_AIM OF THE EXERCISE_: Would you please copy each line below that includes the string "Gifts"?

[[ DATASET open ]]

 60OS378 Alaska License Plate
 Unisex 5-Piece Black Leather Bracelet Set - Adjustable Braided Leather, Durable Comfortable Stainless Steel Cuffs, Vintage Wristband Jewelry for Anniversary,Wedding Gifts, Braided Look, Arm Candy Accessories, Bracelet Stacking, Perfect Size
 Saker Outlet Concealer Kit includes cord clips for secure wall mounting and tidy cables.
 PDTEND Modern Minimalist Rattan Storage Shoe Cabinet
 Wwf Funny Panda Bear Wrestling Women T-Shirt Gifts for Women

[[ DATASET closed ]]

_RESPONSE AREA_:
 Unisex 5-Piece Black Leather Bracelet Set - Adjustable Braided Leather, Durable Comfortable Stainless Steel Cuffs, Vintage Wristband Jewelry for Anniversary,Wedding Gifts, Braided Look, Arm Candy Accessories, Bracelet Stacking, Perfect Size
 Wwf Funny Panda Bear Wrestling Women T-Shirt Gifts for Women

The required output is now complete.